Quando o ex-Secretário de Defesa Donald
Rumsfeld ficou famoso por dizer, a respeito da guerra do Iraque, que
"o país vai para a guerra com o exército que tem", ele também
descreveu como os Estados Unidos começaram a batalha no Afeganistão.
Caças supersônicos, bombardeiros estratégicos e
helicópteros de ataque em peso projetados para combater os soviéticos
conseguiram deslocar os talibãs e derrubar Saddam Hussein, mas se provaram
dispendiosos nas insurgências que se seguiram. Em vez de dar um passo para trás
e avaliar o que seria melhor para a guerra no Iraque e no Afeganistão, o
Pentágono dobrou a aposta sobre as aquisições de valor alto, mais adequadas
para grandes guerras convencionais do que insurgências conflituosas.

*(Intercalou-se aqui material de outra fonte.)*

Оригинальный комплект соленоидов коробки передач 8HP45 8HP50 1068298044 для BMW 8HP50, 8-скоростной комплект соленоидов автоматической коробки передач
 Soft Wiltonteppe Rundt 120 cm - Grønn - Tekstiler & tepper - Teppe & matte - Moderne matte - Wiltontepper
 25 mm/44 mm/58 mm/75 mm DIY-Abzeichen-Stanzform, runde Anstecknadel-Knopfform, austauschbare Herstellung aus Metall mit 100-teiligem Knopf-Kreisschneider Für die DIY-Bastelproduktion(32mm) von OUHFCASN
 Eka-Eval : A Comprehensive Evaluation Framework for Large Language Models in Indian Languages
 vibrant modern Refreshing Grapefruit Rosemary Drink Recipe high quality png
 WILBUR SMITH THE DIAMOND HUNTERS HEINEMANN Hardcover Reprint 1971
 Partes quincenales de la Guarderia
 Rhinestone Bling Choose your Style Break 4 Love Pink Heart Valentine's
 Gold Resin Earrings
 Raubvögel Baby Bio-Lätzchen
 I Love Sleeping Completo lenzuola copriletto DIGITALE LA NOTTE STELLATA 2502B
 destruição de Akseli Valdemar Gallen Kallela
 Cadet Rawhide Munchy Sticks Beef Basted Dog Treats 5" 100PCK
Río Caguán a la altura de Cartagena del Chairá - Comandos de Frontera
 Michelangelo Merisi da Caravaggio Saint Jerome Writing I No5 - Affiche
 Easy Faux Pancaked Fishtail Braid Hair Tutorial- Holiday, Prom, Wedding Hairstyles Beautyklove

Nas guerras americanas pós-11 de setembro, contudo, o
principal papel de combate de aeronaves táticas era um estratagema chamado
"suporte aéreo próximo", em que aviões e helicópteros eram convocados
para eliminar tropas inimigas atirando com tudo em forças terrestres americanas.
O inimigo não tinha tanques, aviões ou helicópteros. Às vezes, ele aparecia de
motocicletas e caminhonetes. Mas, em geral, surgia a pé, escondido em casas,
cavernas, atrás de pedras ou árvores.
No Afeganistão, as tropas americanas não precisavam de
aviões capazes de burlar radares inimigos; precisavam de aviões que voassem
baixo o bastante para que os pilotos pudessem enxergar os inimigos cara a cara.
Precisavam da capacidade de lançar bombas perto o bastante para feri-los e
atirar do céu a um alcance que os atingisse de fato. Eles precisavam dos
talibãs mortos.
Quando as tropas americanas estavam sob ataque,
precisavam de aeronaves que pudessem permanecer em combate, precisas e letais.
Muitas vezes, as tropas convocavam artilharia "de risco a curta distância"
— geralmente, a 500 metros da própria localização. Seria melhor deixar um
piloto próximo ao solo encarregado desses tiros do que arriscar a vida com uma
bomba errante, lançada por algum jato de alta tecnologia a 30 mil pés de
altura, de onde um piloto não consegue enxergar os alvos.
No entanto, durante décadas, a flecha do progresso ficou
apontada para a construção e aquisição de aviões de ponta. Essa mentalidade
seria ideal no caso de uma batalha ascendente, o pior dos cenários, e não no
conflito insurgente em que os americanos se encontram agora, de fato.
A Força Aérea insistiu que precisava aposentar a frota de
Warthogs para conseguir pagar o avião mais caro do mundo, o F-35. Uma aeronave
que não é capaz de voar ou participar de combates muito bem, a ponto da Força
Aérea diluir o programa do caça a jato para resguardar a reputação.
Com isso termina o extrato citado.